By a change of coordinate $s\rightarrow z=s^{-3}$, equation
\generalform~transforms into the hypergeometric
equation \pfN~for $N=3$ with regular singularities at $z=0,1/{3^3},\infty$:
%
\eqn\zform{
\left(\theta^2 - 3 z (3\theta+2)(3\theta+1)\right) \omega_\Gamma=0.}
%
Thus the period $\omega_\Gamma$ is a linear combination of two standard
hypergeometric functions.

We now do the following change of coordinates $s\rightarrow
J={g_2^3\over\Delta}$, and write $\omega_\Gamma$ as $\sqrt{g_2\over
g_3}\Omega_\Gamma$. Then our equation \generalform~becomes
%
\eqn\universal{{d^2\Omega_\Gamma \over dJ^2} +{1\over J}{d\Omega_\Gamma\over
dJ} +{31 J- 4\over 144 J^2(1-J)^2 }\Omega_\Gamma=0.}
%
This equation has the following universal property:
it is derived without the use of the explicit form of $g_2,g_3$ above, despite
the fact that we begun with a particular realization
(as a cubic in ${\IP}^2$) of an elliptic curve. This means that if we have
started from any other model for an elliptic curve, we will have arrived at the
same equation \universal, ie. this is the universal form of the Picard-Fuchs
equation for the periods of the elliptic curves. Note also that under the above
transformation, the ratio $t$ of two periods $\omega_\Gamma, \omega_{\Gamma'}$
(which are two hypergeometric functions) remains the same.
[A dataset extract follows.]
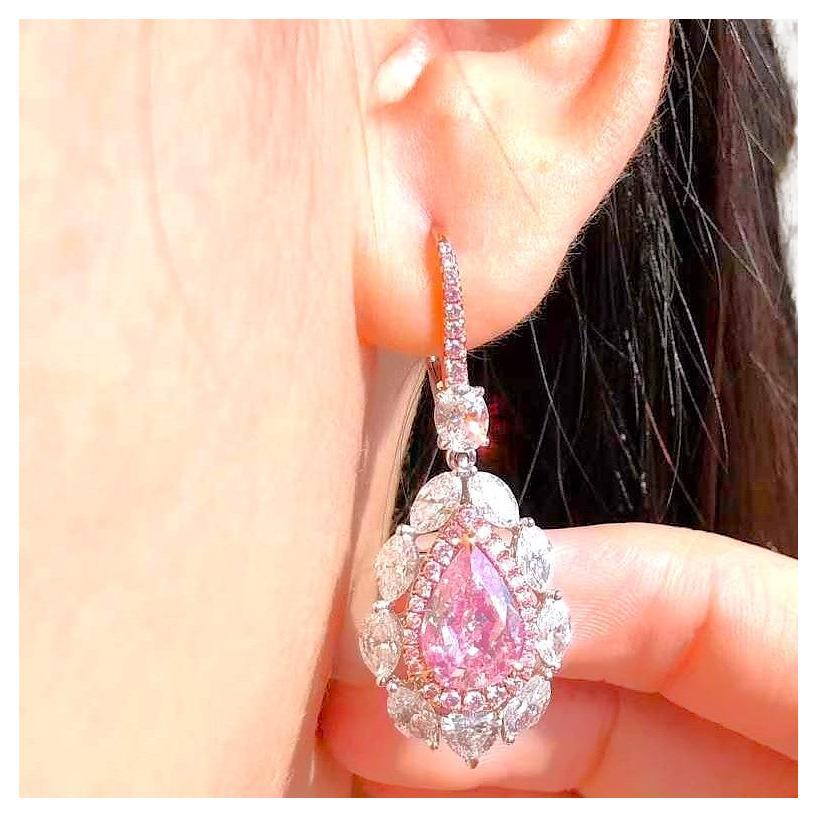 Orecchini con diamanti rosa, certificati GIA in oro 18 carati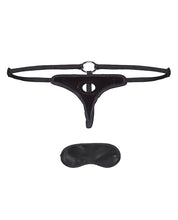 Lux Fetish Velvet Bikini Strap On - Black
We can now ask for a differential equation which governs the function $t(J)$
(which is a Schwarzian triangular function). This is the well-known Schwarzian
equation: %
\eqn\elliptic{\{ t,J\} = 2\left( {3\over 16(1-J)^2} + {2\over 9J^2} + {23\over
144J(1-J)} \right).}
%
Here $\{z,x\}$ denotes the Schwarzian derivative ${z'''\over z'} - {3\over 2}
\left( z''\over z' \right)^2.$
Note that in this equation, by inverting $t(J)$ we may regard $J(t)$ as the
dependent variable. Recall that the inverse function for the period ratio is
precisely the mirror map. Thus $J(t)$ is our mirror map in this case and
\elliptic is our differential equation which governs it. With a suitable choice
of the period ratio $t$, $J(t)$ admits, up to overall constant,
 an integral $q$-series ($q=exp(2\pi i t)$) expansion
%
\eqn\jfunction{J(q)={1\over 1728}(q^{-1}+744+196884 q + 21493760 q^2 + ...).}
%
We can also relate the $J$-function for different realizations of the
elliptic curves in different ways to solutions of GKZ systems.
For example there exist three realizations of the elliptic curves
as hypersurfaces in weighted projective spaces $\IP^2(1,1,1),\IP^2(1,1,2)$
and $\IP^2(1,2,3)$.
$$
\vbox{\offinterlineskip\tabskip=0pt
\halign{\strut\vrule#
&\hfil~$#$
&\vrule#
&~~$#$~~\hfil
&~~$#$~~\hfil
&~~$#$~~\hfil
&\vrule#\cr
\noalign{\hrule}
& && {\rm constraint} &{\rm  diff.\,\, operator}& 1728 J(z)& \cr
\noalign{\hrule}
&P_8 && x_1^3+x_2^3+x_3^3-z^{-1/3}x_1x_2x_3=0&
\theta^2- 3 z ( 3 \theta+2)(3\theta+1)&
\displaystyle{(1+ 216z)^3\over z (1-27 z)^3} &\cr
&X_9 && x_1^4+x_2^4+x_3^2-z^{-1/4}x_1x_2x_3=0&
\theta^2- 4 z ( 4 \theta+3)(4\theta+1)&
\displaystyle{(1+ 192z)^3\over z (1-64 z)^2} &\cr
&J_{10} && x_1^6+x_2^3+x_3^2-z^{-1/6}x_1x_2x_3=0&
\theta^2- 12 z ( 6 \theta+5)(6\theta+1)&
\displaystyle{1\over z (1-432 z)} &\cr
\noalign{\hrule}}
\hrule}$$
Here the differential operators are specified by factorizing the
obvious differential operators from the general expression \lindiffop.
By the expression for the $J(z)$-function, which were obtained
by transfoming the contraints into the Weierstrass form, they can be
brought in the form \universal. The mirror map is related to the solutions
of the GKZ system, by the formulas \powsol-\mirrormap~ using
the generators of the lattice $l$ given by \cpislor. Concretely this yields,
by inversion of \mirrormap, the following expansion
for the functions $z(q)$
\eqn\mirrormapexpansions{
\eqalign{
P_8 :\,  z(q)&= q -15 q^2+ 171 q^3 -1679q^4 +
15054q^5-126981 q^6+\ldots\cr
X_9  :\,  z(q)&=q -40q^2 +1324 q^3 -39872q^4 +1136334 q^5 -31239904 q^6
      +\ldots \cr
J_{10} :\,  z(q)&= q -312q^2+ 87084 q^3 -23067968 q^4 +5930898126 q^5
      -1495818530208 q^6 +\ldots}}
The remarkable fact is that this expansions are already integer.
Inserting them into the expressions for the $J(z)$ functions
yields of course the expansion \jfunction.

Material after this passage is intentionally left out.